Trumpeter and conguero Jerry González has finally found a place where he can relax and concentrate on his music. The 55-year-old New Yorker went to Madrid in 2002 with Spanish film director Fernando Trueba to promote the Latin-jazz-performance film Calle 54. He says he and the Spaniards hit it off “from jump street. When we got here I took a walk down the street and I was stopped by 40 people for autographs!” he says by phone from Barcelona. “It was blowing my mind!”
The film had a limited art-house distribution in the U.S., but in Spain it was an underground hit. The film featured some of the biggest names in Latin jazz (Tito Puente, Paquito D’Rivera, Gato Barbieri and Chico O’Farrill, among others) in live performance in the Sony film studios on New York’s 54th Street. Jerry González and the Fort Apache Band close the film with their Afro-Cuban-based explorations of bebop. Although Fort Apache had never played in Spain before, González became so popular through his appearance in the film that he was invited to prolong his visit. Record producer Javier Limon wanted to introduce González to some of the Spanish musicians mixing jazz and flamenco. “I told them, ‘I’ll stay for a week’,” González says. “I stayed for seven months! I only went back to New York to do a week at [Manhattan jazz club] Sweet Basil’s, and then I was back on a plane the day after that gig was over. I’ve been here ever since.”

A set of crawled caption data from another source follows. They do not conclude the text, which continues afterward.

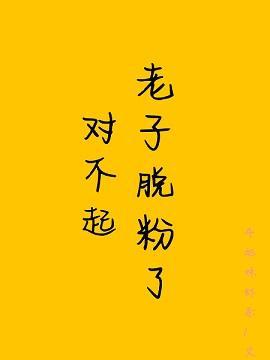 对不起，老子脱粉了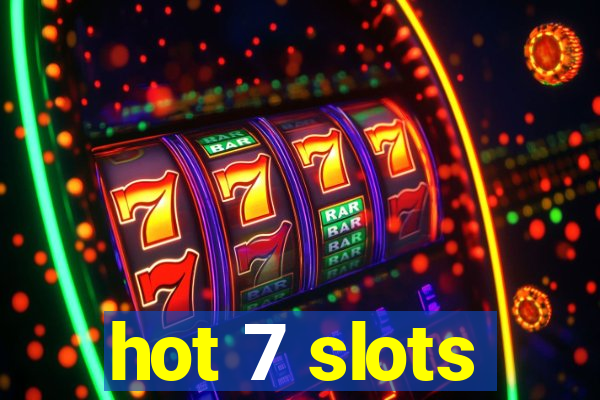 hot 7 slots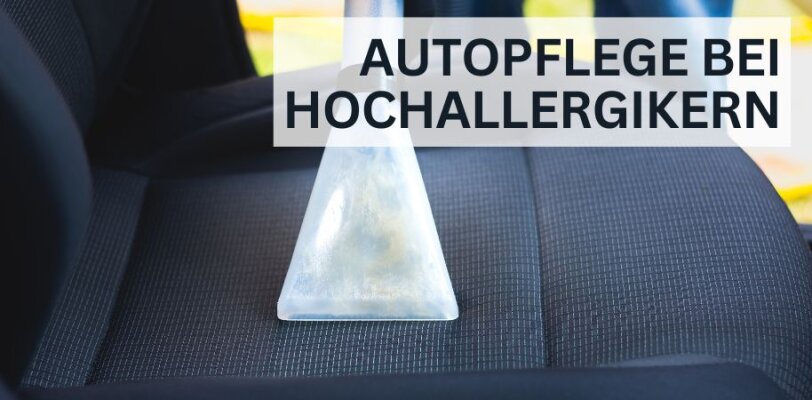 Autopflege bei Hochallergikern – Produkte & Tipps - Autopflege bei Hochallergikern – Produkte & Tipps für ein allergenfreies Auto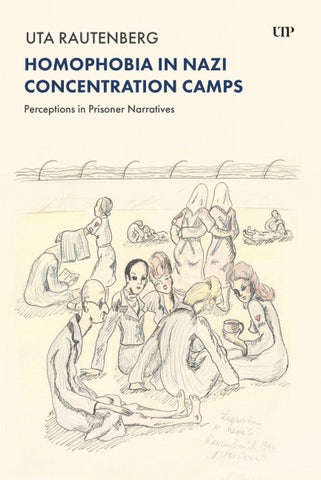 Homophobia in Nazi Concentration Camps
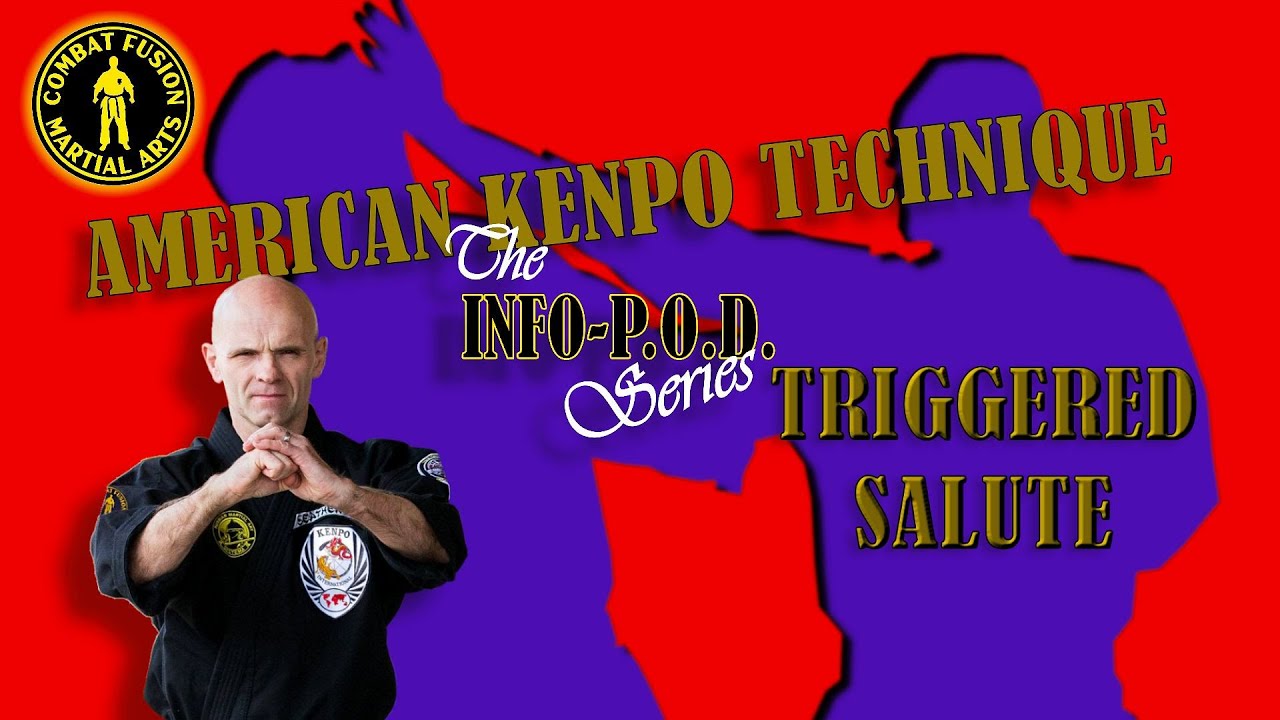 Triggered Salute American Kenpo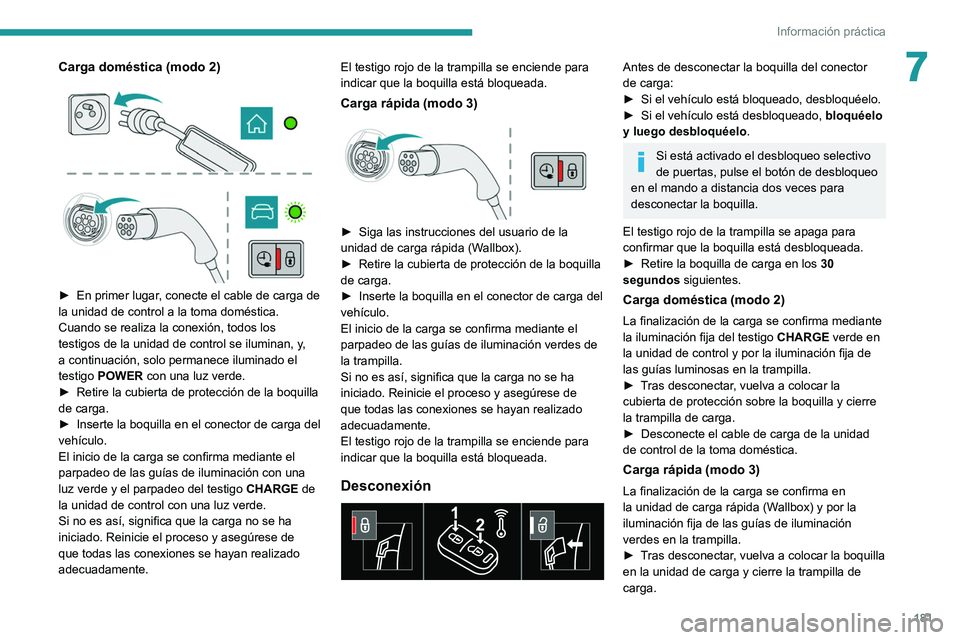 PEUGEOT 508 2021  Manual del propietario (in Spanish) 181
Información práctica
7Carga doméstica (modo 2) 
 
 
 
► En primer lugar , conecte el cable de carga de 
la unidad de control a la toma doméstica.
Cuando se realiza la conexión, todos los 
t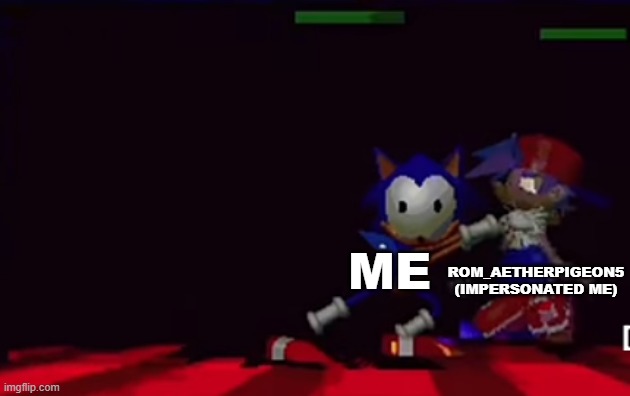 rewrite putting bf in chokehold | ROM_AETHERPIGEON5 (IMPERSONATED ME); ME | image tagged in rewrite putting bf in chokehold | made w/ Imgflip meme maker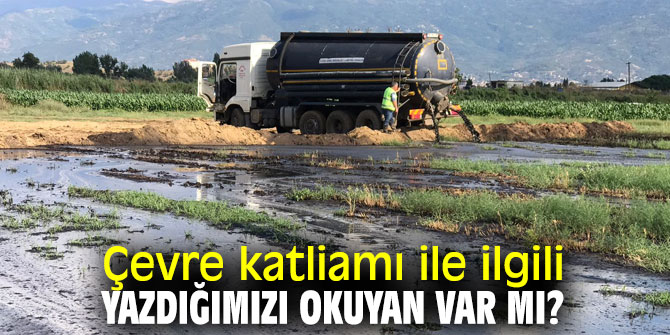 Çevre katliamı ile ilgili yazdığımızı okuyan var mı?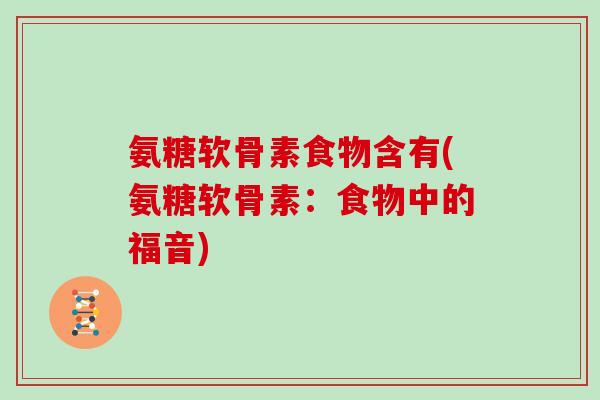 氨糖软骨素食物含有(氨糖软骨素:食物中的福音) 氨糖软骨素食物含有(氨糖软骨素:食物中的福音)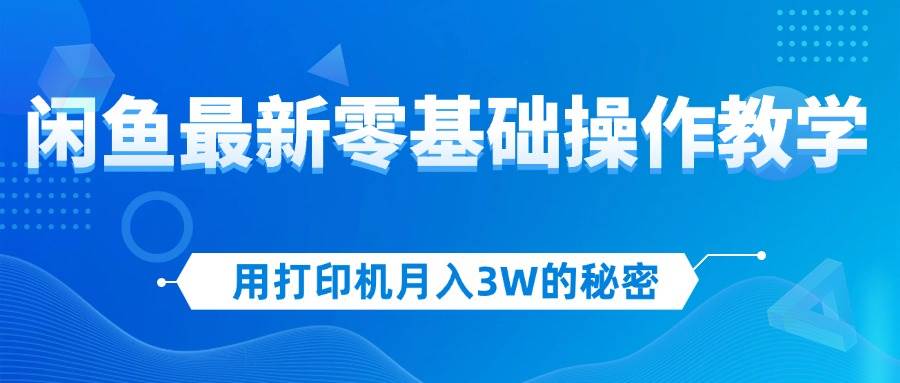 用打印机月入3W的秘密，闲鱼最新零基础操作教学，新手当天上手，赚钱如…-满月文化项目库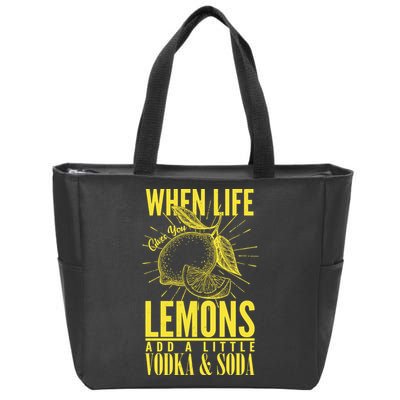 When Life Gives You Lemons Add Vodka and Soda Zip Tote Bag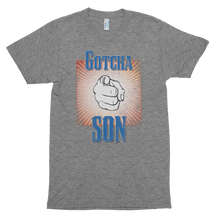 Load image into Gallery viewer, Gotcha Son! Short sleeve soft t-shirt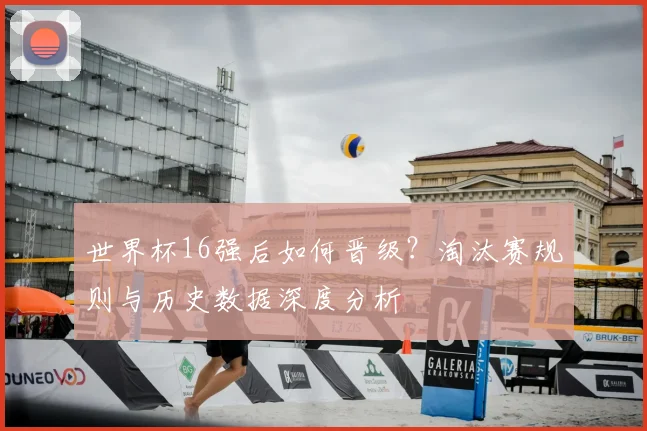 世界杯16强后如何晋级？淘汰赛规则与历史数据深度分析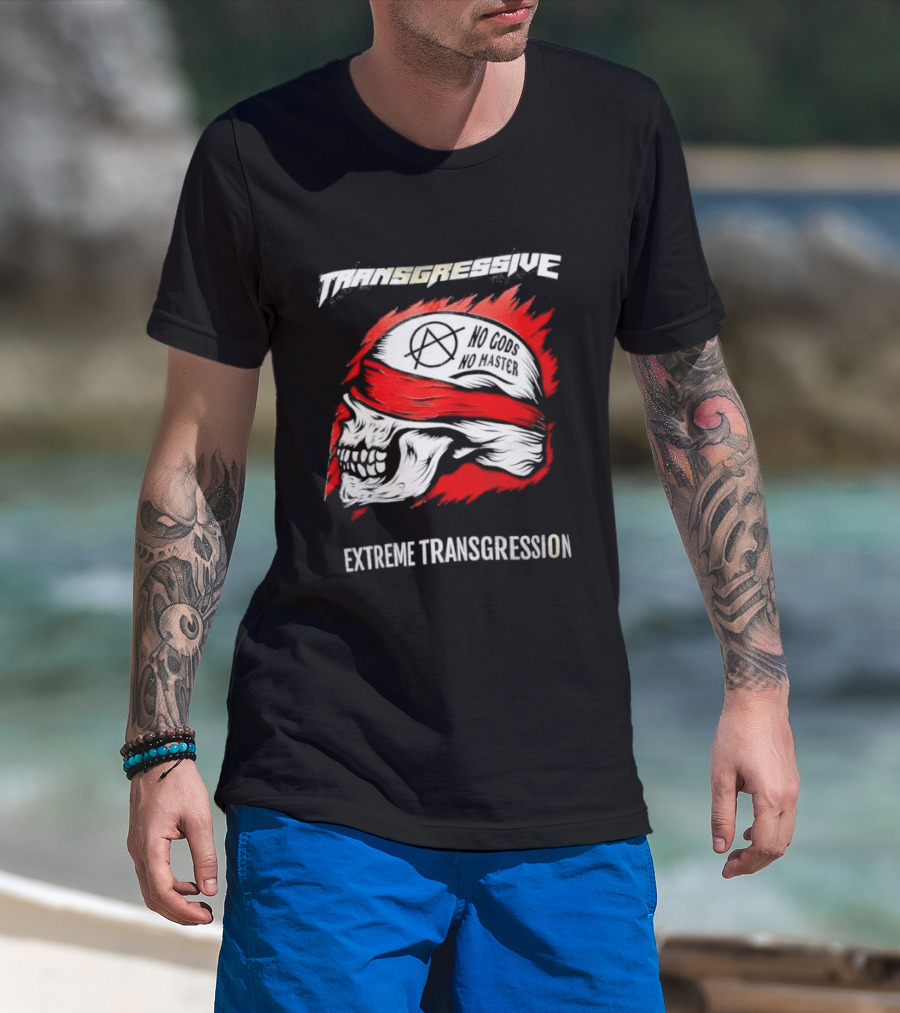 Skull No Gods No Masters Extreme Transgression T-Shirt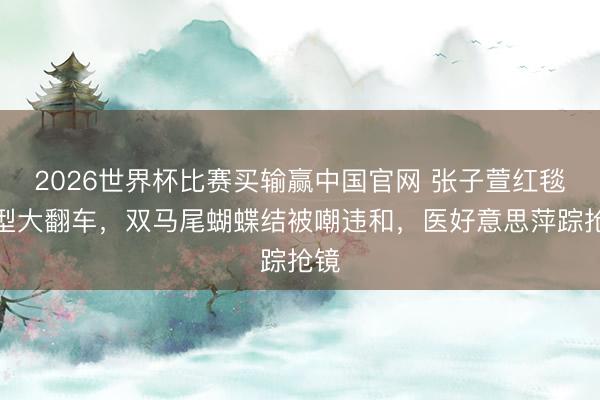 2026世界杯比赛买输赢中国官网 张子萱红毯造型大翻车,双马尾蝴蝶结被嘲违和,医好意思萍踪抢镜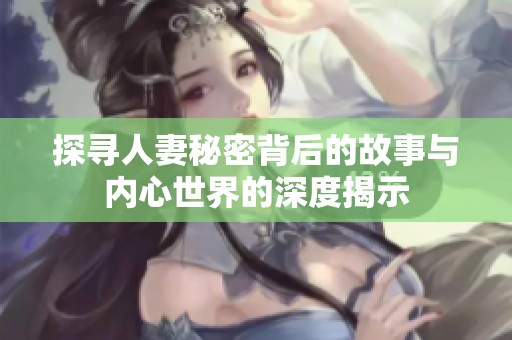 探寻人妻秘密背后的故事与内心世界的深度揭示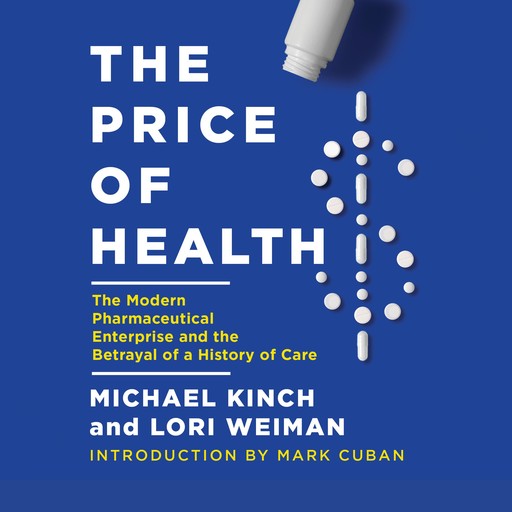 The Price of Health, Mark Cuban, Michael Kinch, Lori Weiman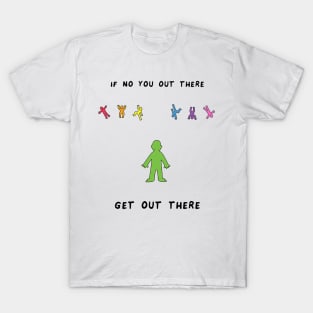 Get Out There T-Shirt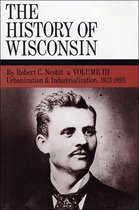 History of Wisconsin 3 - The History of Wisconsin, Volume III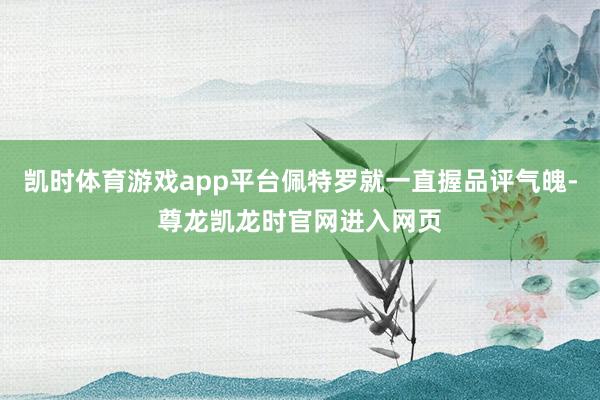 凯时体育游戏app平台佩特罗就一直握品评气魄-尊龙凯龙时官网进入网页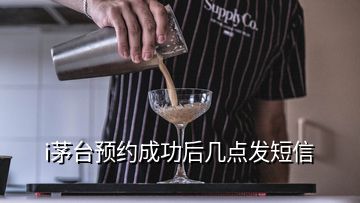 i茅臺(tái)預(yù)約成功后幾點(diǎn)發(fā)短信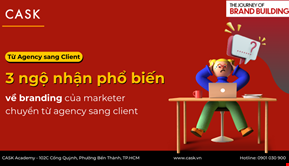Agency to Client: Những ngộ nhận phổ biến của marketer về branding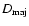 $D_{\rm maj}$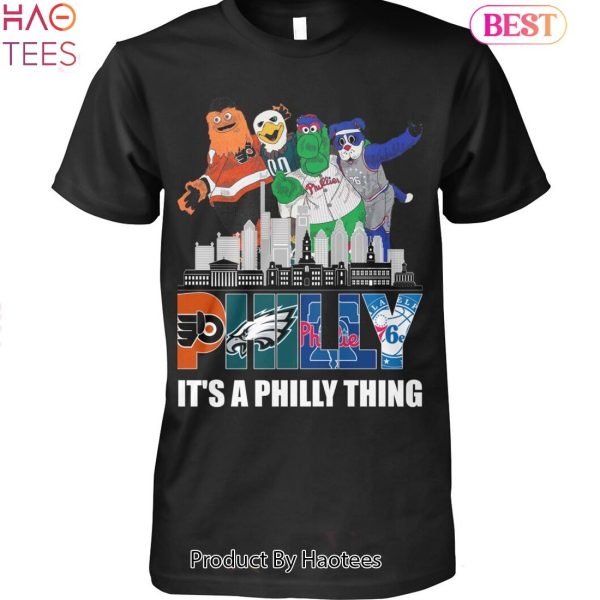 NEW Philly It Is A Philly Thing Unisex T-Shirt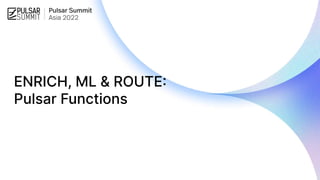 ENRICH, ML & ROUTE:
Pulsar Functions
 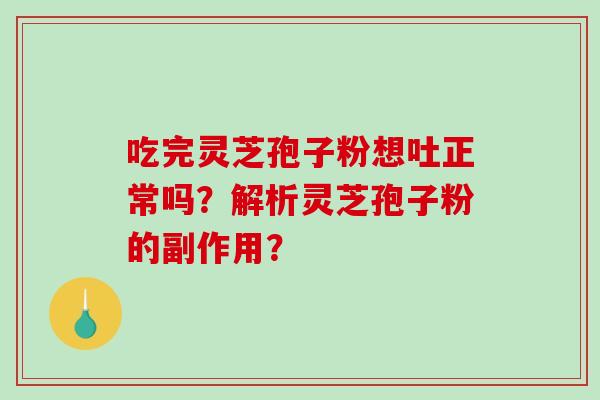吃完灵芝孢子粉想吐正常吗?解析灵芝孢子粉的副作用? 吃完灵芝孢子粉想吐正常吗?解析灵芝孢子粉的副作用?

There is no secret as to why he stays.
“In New York I’d be sitting around waiting for the phone to ring,” González says. “In my first six months here I played on five or six albums: with [Spanish jazz vocalist] Martiro, Bebo Valdes’ and [flamenco vocalist] Dieguito El Cigala’s CD [Lagrimas Negras (Bluebird)] and I even did a track on the latest CD from Paco de Lucía [Cositas Buenas (Blue Thumb)]. I did a bunch of club work, concerts and stuff. It’s kept me much more active than I would have been in New York. Here they pay me well, and I don’t have to hustle gigs.”
González took Limon up on his offer to meet some Roma (Gypsy) musicians who had been mixing flamenco and jazz. Limon arranged for the meeting to take place in a recording studio. “I thought we were just jamming for our own pleasure,” González says. “We didn’t rehearse; we made it up on the spot. We had some fun, played some great music and moved on.”
Limon mixed the jams, sent a copy to Trueba, who by then had set up his own record label (Lola). They were both so impressed by the new ground covered by the informal musical exchange that they decided to release the CD. Jerry González y los Piratas del Flamenco was released to great acclaim in Spain in 2003, and it came out on Sunnyside in the U.S. this past June.
The CD is a combination of cutting-edge flamenco mixed with González’s command of bebop, with a dash of Afro-Cuban thrown in. Flamenco guitarist Nino Josele and percussionist Israel “Pirana” Suarez are González’s principal accompanists. El Cigala sits in on two cuts, lending his dark, rough-edged flamenco-singing style to the mix. But the album’s crowning achievement is the flamenco take on Charlie Parker’s “Donna Lee” (spelled phonetically in Spanish on the CD as “Donnali”). As he does on most of the CD, González is doubling on conga while he works Bird’s bebop tongue-twister on trumpet. Guitarist Juan Jose Suarez “Paquete” shadows him note for note but with a decidedly Roma accent.
González seems to have found a place for himself within the small circle of adventurous Spanish musicians, and the club dates, sessions and a set of quartet recordings are taking their toll on the veteran musician-for the better.
“I’m playing better because I’m playing almost every day here,” he says. “I’m also more relaxed out here. This place has a 24-hour vibe. They take their siestas late in the afternoon, which means I start at 1 a.m. and play until 6 a.m.!”
But the detour from his work with Fort Apache and his occasional contributions to genre-busting dance band Manny Oquendo’s Libre back in New York doesn’t mean a fundamental change in direction for González. “If I went to China to play with Chinese musicians, I’d still be standing on my own music—who I am as a musician,” he says. “Playing with these flamenco cats is just an expansion of who I am.”